* _THE TASK_: Write out each record below exactly, but not the pictures.

* _RAW DATA_:
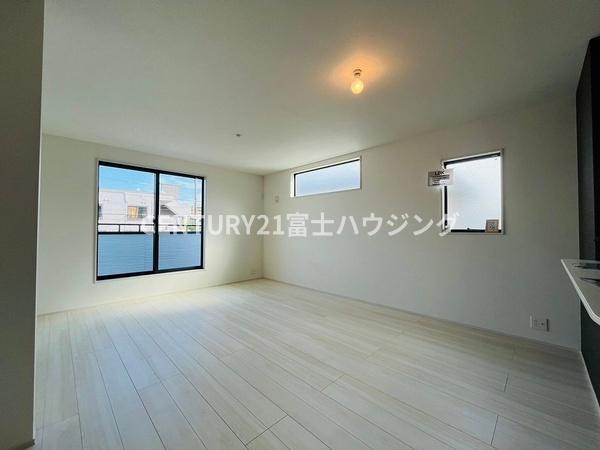 藤沢市石川5丁目　新築戸建4号棟　全7棟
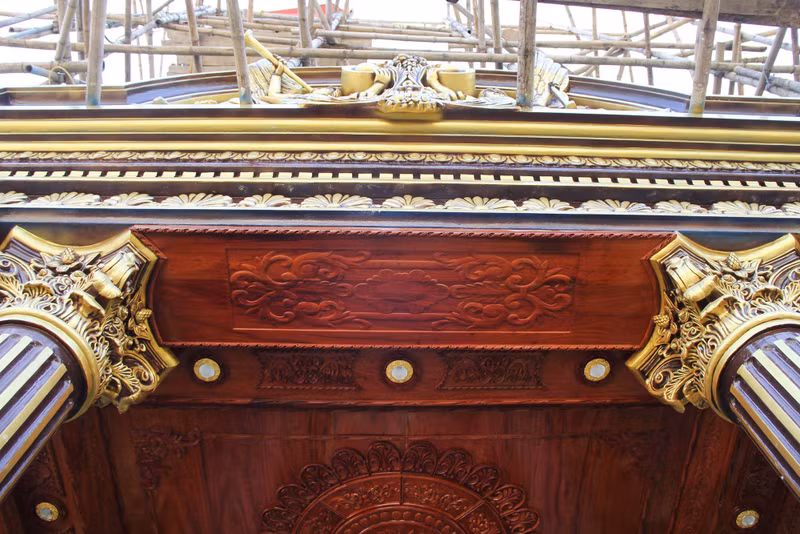 Sau nhiều năm tích góp, năm 2004, vợ chồng anh mua lô đất bên Quốc lộ 7A, mở xưởng kinh doanh thu mua sắt vụn, buôn bán phụ tùng ô tô các loại. (Ảnh: Phạm Tâm). Cận cảnh lâu đài hơn 70 tỷ của đại gia 'đồng nát' ở Nghệ An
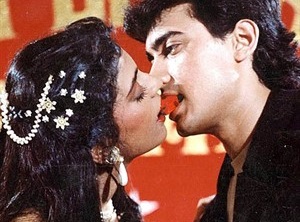 amir khan and juhi chawla kiss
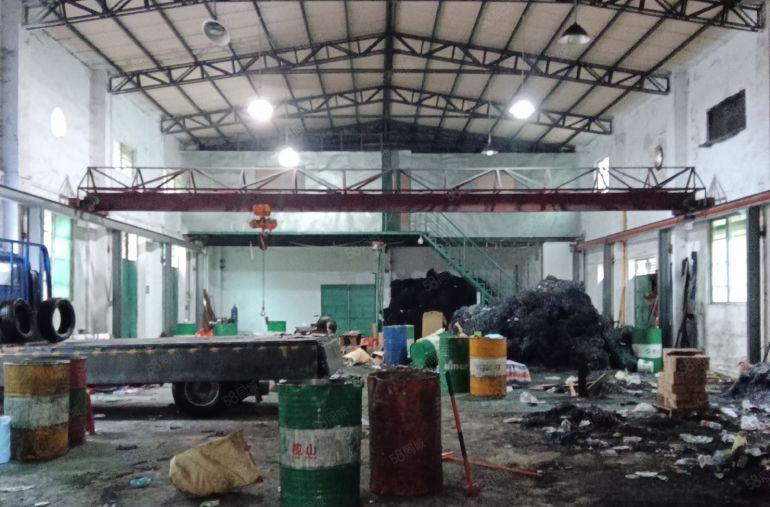 低价厂房出租单一层独院出租7.5米高度750平方带办公室水电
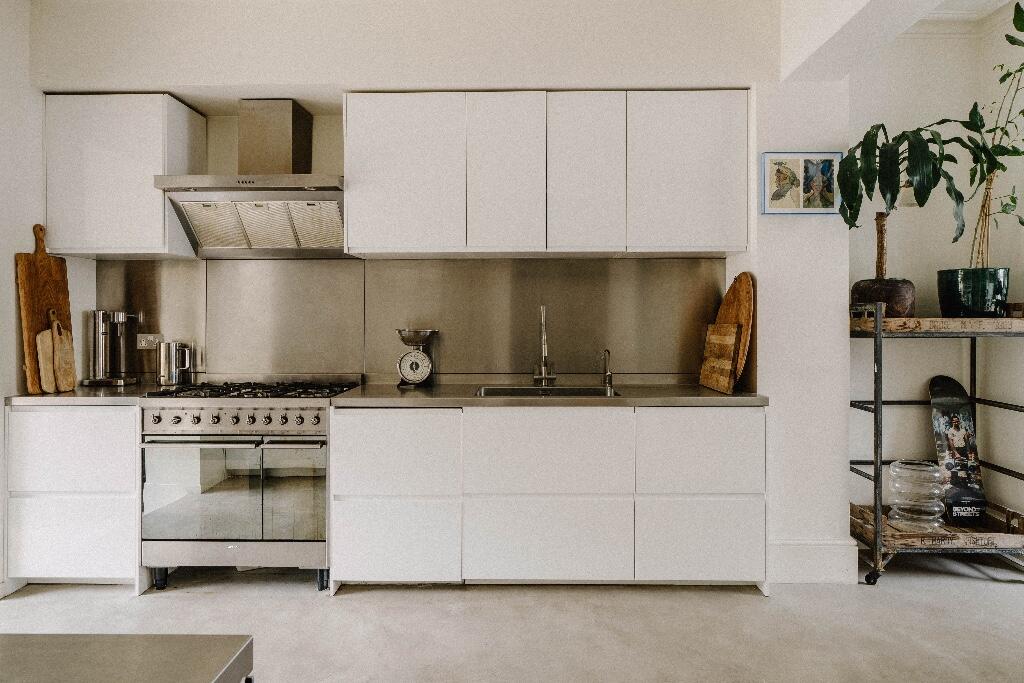 cuisine blanche et inox
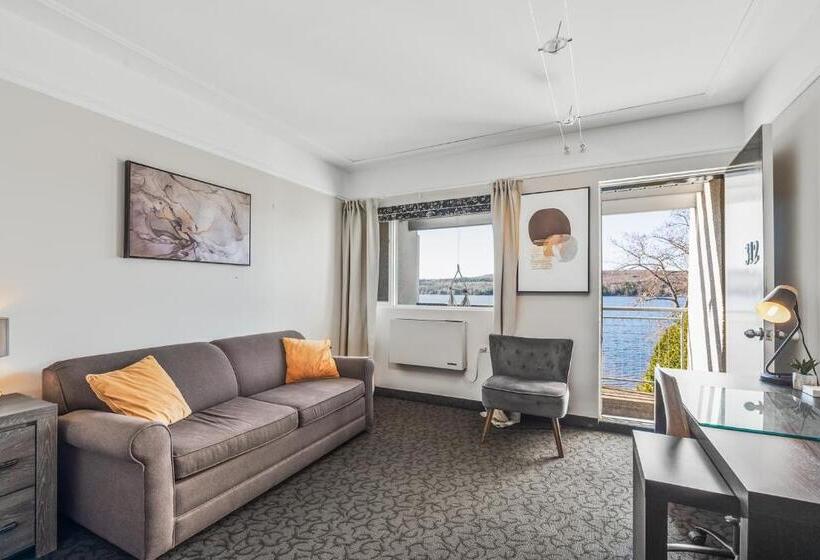 Superior room with lake view, Manoir Lac Etchemin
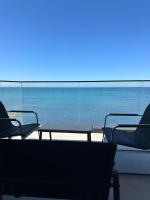Appart vue mer pieds dans l'eau, Aïn Bénian - B&B ’Aïn Benian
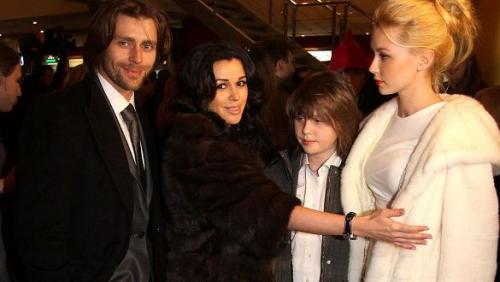 Первая Любовь Евгения Миронова. Евгений Миронов и его женщины. Брак с Астаховым в Германии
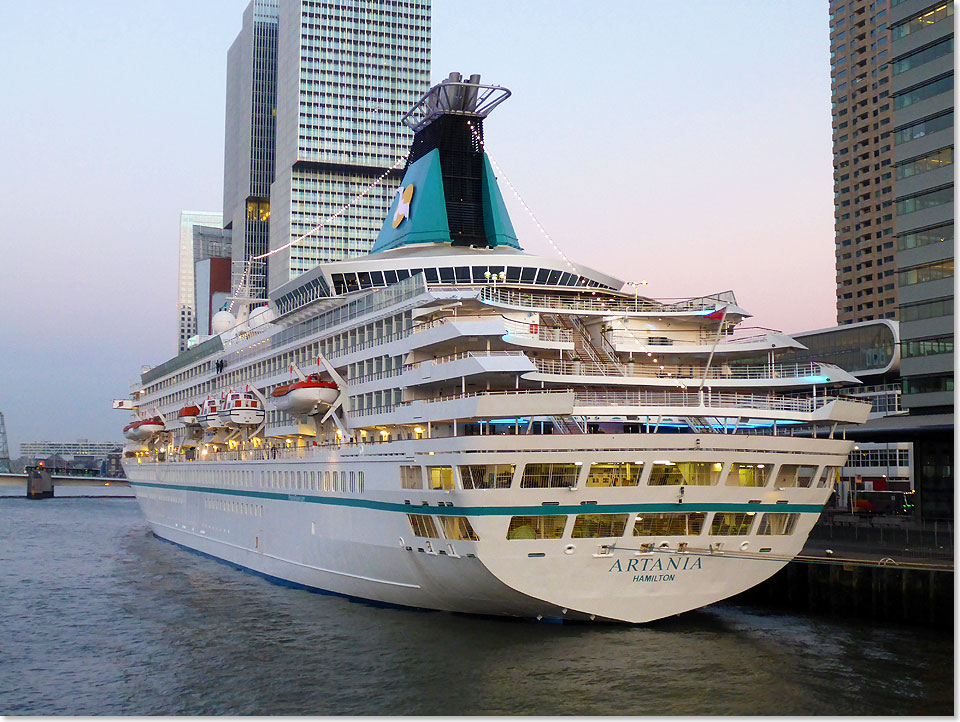 Die ARTANIA am Kreuzfahrtterminal von Rotterdam.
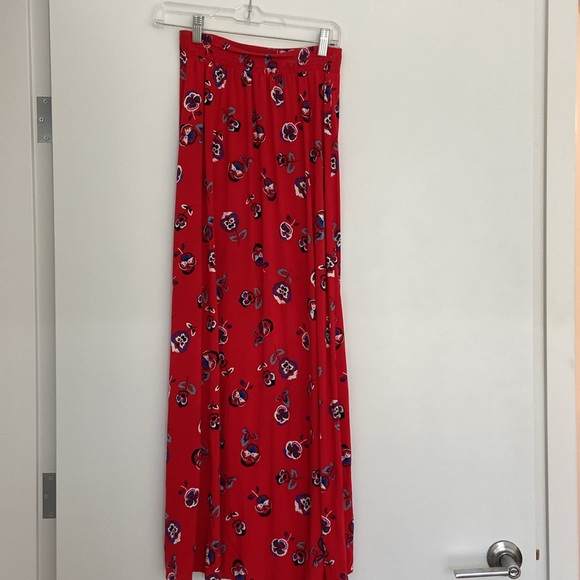 Red skirt - Picture 2 of 4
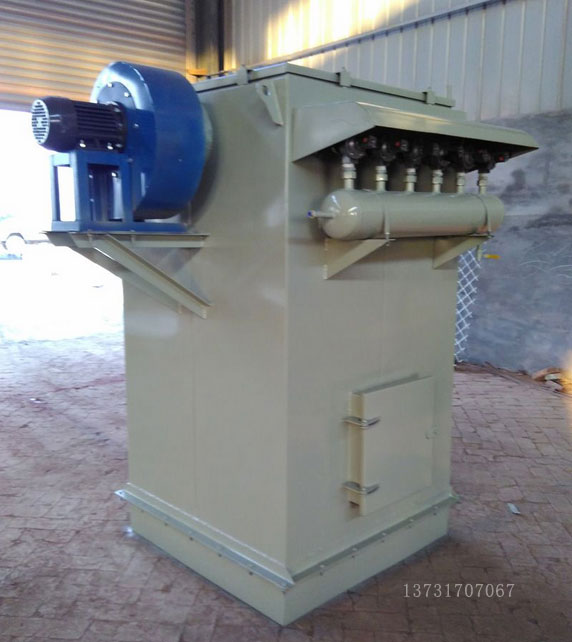 山東濟(jì)寧三一攪拌站配套倉(cāng)頂布袋除塵器今日已發(fā)貨 山東濟(jì)寧三一攪拌站配套倉(cāng)頂布袋除塵器今日已發(fā)貨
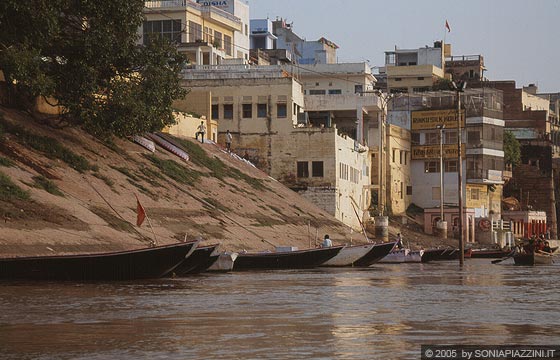VARANASI - Il Gange e i numerosi ghat alle luci dell'alba 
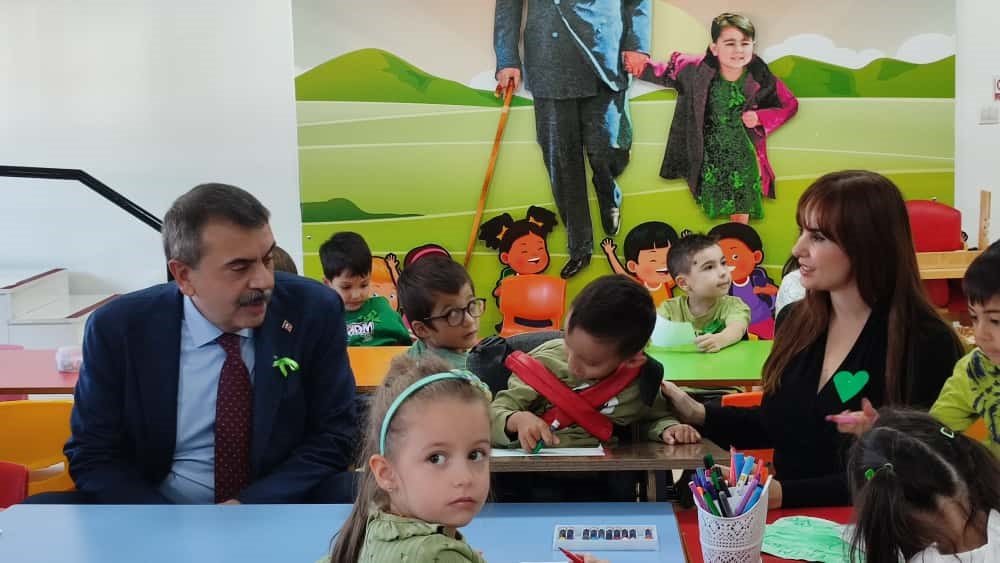 bakan-tekin-hepimizin-bir-eksigi-bir-engeli-var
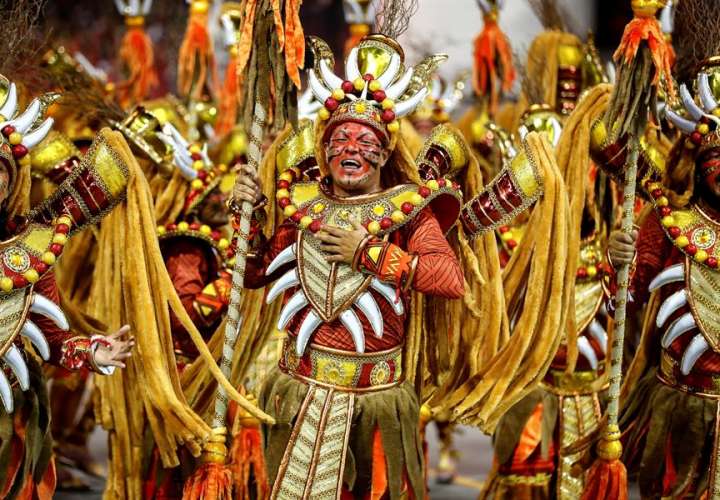 Carnaval de Brasil rinde homenaje a las mujeres y a Jesucristo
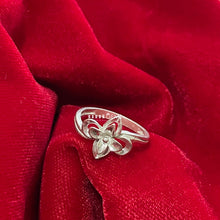 Load image into Gallery viewer, Flower Ring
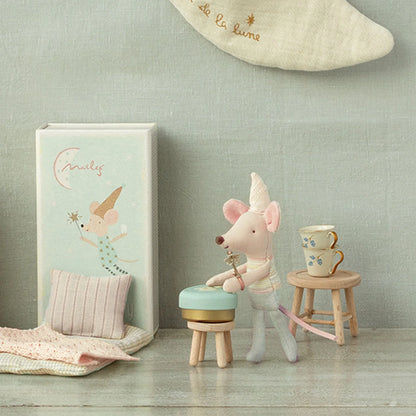 Tooth fairy mouse, Little brother in matchbox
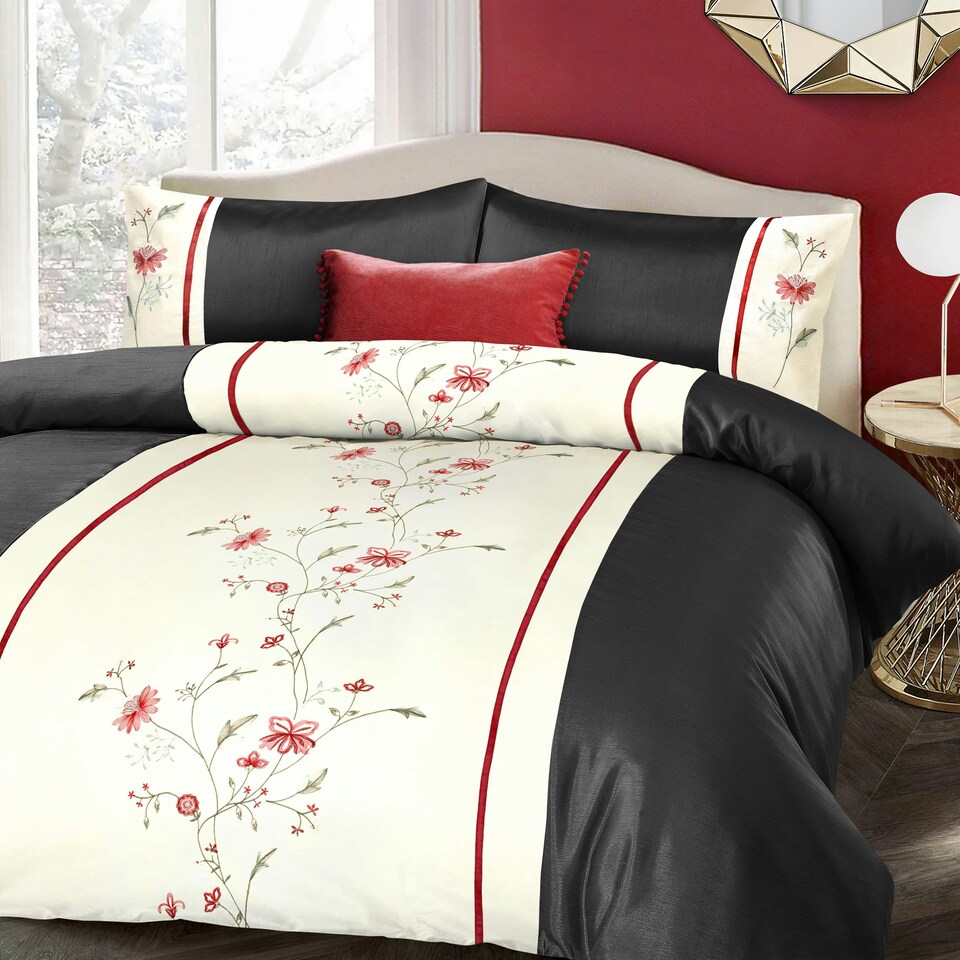 Intimates Luxury Faux Silk Emboridered Sapphire Duvet Cover & Pillowcase Set Black | Cream | Single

* _ANSWER FOR THE TASK_:
 藤沢市石川5丁目　新築戸建4号棟　全7棟
 Sau nhiều năm tích góp, năm 2004, vợ chồng anh mua lô đất bên Quốc lộ 7A, mở xưởng kinh doanh thu mua sắt vụn, buôn bán phụ tùng ô tô các loại. (Ảnh: Phạm Tâm). Cận cảnh lâu đài hơn 70 tỷ của đại gia 'đồng nát' ở Nghệ An
 amir khan and juhi chawla kiss
 低价厂房出租单一层独院出租7.5米高度750平方带办公室水电
 cuisine blanche et inox
 Superior room with lake view, Manoir Lac Etchemin
Appart vue mer pieds dans l'eau, Aïn Bénian - B&B ’Aïn Benian
 Первая Любовь Евгения Миронова. Евгений Миронов и его женщины. Брак с Астаховым в Германии
 Die ARTANIA am Kreuzfahrtterminal von Rotterdam.
 Red skirt - Picture 2 of 4
 山東濟(jì)寧三一攪拌站配套倉(cāng)頂布袋除塵器今日已發(fā)貨 山東濟(jì)寧三一攪拌站配套倉(cāng)頂布袋除塵器今日已發(fā)貨
VARANASI - Il Gange e i numerosi ghat alle luci dell'alba 
 bakan-tekin-hepimizin-bir-eksigi-bir-engeli-var
 Carnaval de Brasil rinde homenaje a las mujeres y a Jesucristo
 Load image into Gallery viewer, Flower Ring
 Tooth fairy mouse, Little brother in matchbox
 Intimates Luxury Faux Silk Emboridered Sapphire Duvet Cover & Pillowcase Set Black | Cream | Single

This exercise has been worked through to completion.